Competition not up to scratch
"It is not evident why insurance quotations for an identical property with identical attributes should vary so greatly," Fels says.
"It suggests that two insurance consumers with identical characteristics and insurance needs would end up purchasing the same insurance cover for vastly different prices.
"If competition was working effectively, one would expect that consumers would seek out the most competitive offer and those insurers who are unable to keep up would be forced to improve their offer or risk losing business.
"The fact that 12 major insurance brands could offer such hugely different prices for the same thing – with the highest price often being quoted by the NRMA, which is a major NSW insurer – suggests that the competitive forces in the market may not be working effectively."
The industry hits back
The insurance industry has historically questioned the results of the Insurance Monitor's market surveys, saying they fail to take differences in limits, inclusions and exclusions into account.
Fels, who was the first commissioner of the Australian Competition and Consumer Commission (ACCC), acknowledges that such variables – including whether or not flood cover is included – could explain some variation.
But he rejects the idea that these factors can explain such major differences.
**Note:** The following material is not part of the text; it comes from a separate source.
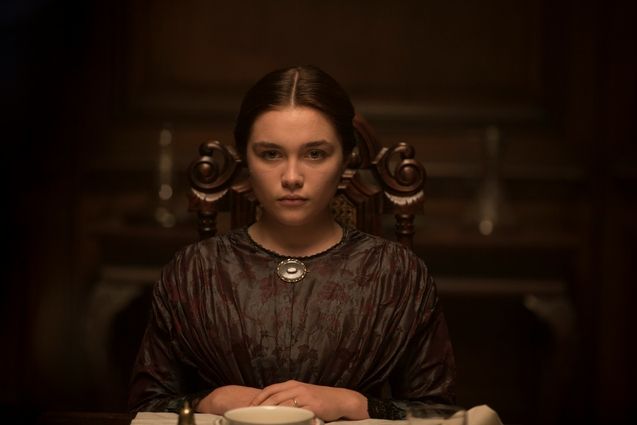 The Young Lady : photo, Florence Pugh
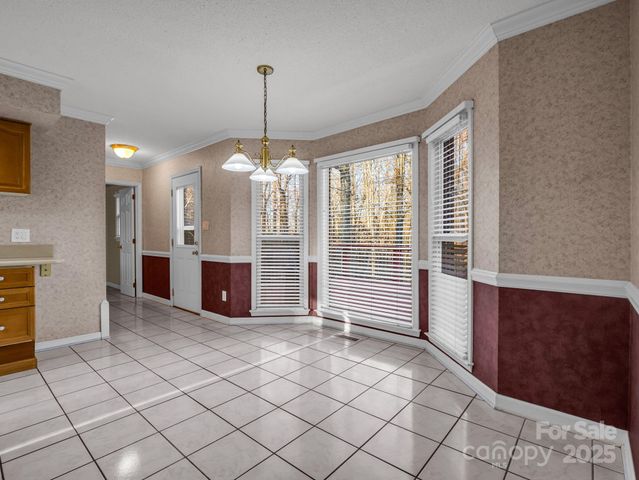 907 Weymouth Drive, Gastonia, NC 28056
And he's not the only one who thinks lack of competition in the sector is hurting consumers.
The Productivity Commission and a Senate Economics Reference Committee recently reached a similar conclusion.
Hidden in the PDS?
Fels also acknowledges that the policies' product disclosure statements (PDS) may hold clues to why the premium quotes were so wide ranging.
But because it's so hard to figure out what they say, this possible explanation doesn't get insurers off the hook.
"There may be specific qualifications and details hidden in the legal and technical wording of product disclosure statements, which are often lengthy and difficult to read," Fels says.
"If this is in fact the case, it points to a market failure due to information asymmetry.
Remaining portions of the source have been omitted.